# Don't Ever Buy Power King Towmax Str Tires! Ever!



## KEN5150

I'm spreading the word about the sub standard quality of Power King Towmax aka Blowmax tires: here are the facts: driving 60 mph on interstate road, not overloaded, pressure at 65 psi as per manufacturer, under 3k miles on these tires had one separate and destroy my outback 300RB and did over $9,000 worth of damage to it. Dynmaic tire the company that makes Power king tires denied ANY responsibility and in fact pretty much called me a liar and said it was my fault that there were underinflated which is patently false!
I encourage EVERYONE that has had any problem with their blowmax tires to file a complaint against Power king on the DOT website: http://www.safercar.gov/Vehicle+Owners This company should NOT be able to sell anymore of their tires!


----------



## Tiger02

Sorry to hear of your tire issue. If you have the space to accommodate a 16" tire then that is the way to go using LT tires rated for the weight. Chines tires are not worth the gamble in my opinion. Good luck with repairs and finding new tires. If you stay with ST tires then Maxxis may be your best bet.


----------



## KEN5150

Tiger02 said:


> Sorry to hear of your tire issue. If you have the space to accommodate a 16" tire then that is the way to go using LT tires rated for the weight. Chines tires are not worth the gamble in my opinion. Good luck with repairs and finding new tires. If you stay with ST tires then Maxxis may be your best bet.
> 
> Yeah tiger, I went with a set of Maxis 8008. If you look at the reviews on the DOT website maxxis (cheng shin) only had two complaints versus power King towMax had over 57 complaints. Towmax is complete junk.


----------



## Justman

Tires are one of those things you want to go with the upper end on. I have never had good luck with tires, but the Maxxis I had didn't give me any trouble.


----------



## rkimzey

I'm also sorry to hear of your tire issue. I had a similar problem last August when coming back from a fairly long camping trial out west. Coming out of Atlanta - heading east, we found out about the Towmax problems as well. I think we were luckier than you but still found out what a blowout will do to the underside of the camper. We limped on home and then went with a larger "F" rated tire made by Carlisle (ST235/85/R16). However, what I found out is that I think they're all made in China these days. I think the Maxxis tires are made there as well. The only one - for RV's - I could find made in the U.S. was a Goodyear tire (G rated) but in order to get it I had to change rims as well. Oh yeah, it appeared as though I'd probably have to take out a loan for them as well. So...............I went with the Carlisle's. Good luck to you in the future.


----------



## outbackgeorgia

I have had excellent service from the Maxxis 8008 radial tires.
Dave


----------



## BradG47FL

outbackgeorgia said:


> I have had excellent service from the Maxxis 8008 radial tires.
> Dave


We had a 2007 EnduraMax 39' 5er Toy Hauler that was a triple axle affair which was super heavy and it was really hard on tires. I had the right rear tire blow twice in about 2 years costing thousands of dollars each time. I was really worried about putting yet another set of ST tires on it and having to constantly be looking in the rear view mirror for the smoke and flying parts that happen when a tire lets loose.

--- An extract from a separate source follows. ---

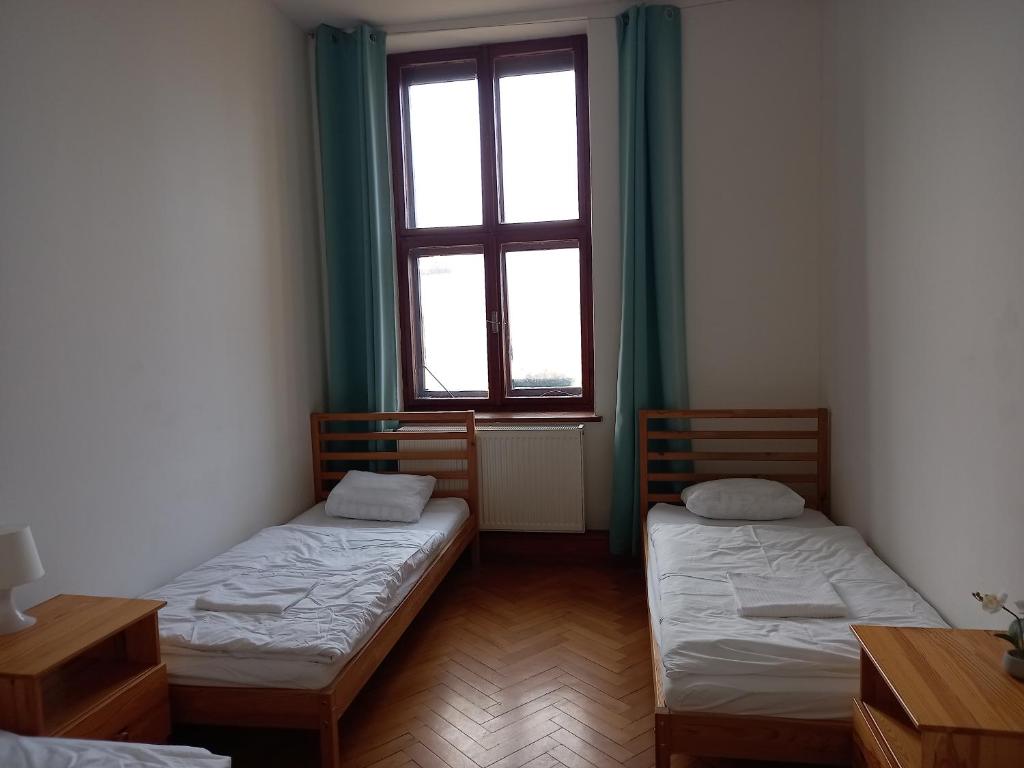 Postel nebo postele na pokoji v ubytování Penzion Kravín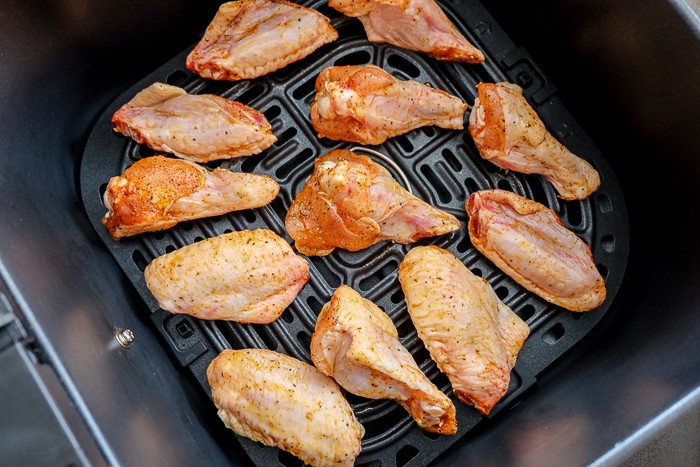 raw chicken wings on black air fryer tray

We had OK luck with a set of Maxxis M8008 back in like 2010 but a friend of mine that sells tires says the Maxxis tires are starting to fail too so he won't install them, apparently there were production changes. He convinced me to spend the extra money on LT truck tires and I highly recommend you put LT truck tires on your rig. Find a set that is the exact same size or really close. Any reputable tire shop can figure out that will work. I went with BF Goodrich TransForce HT tire back in 2012 and we put 3+ years and many thousands of miles on them and they still look great with very little wear. It may be hard to believe there is that much difference but likely others will agree if they have done the same.

We just traded that 07 5er for a 2016 Outback 324CG so it still has the stock tires which I assume are typical junk ST tires so I'll be looking to put LT truck tires on the new rig for peace of mind.


----------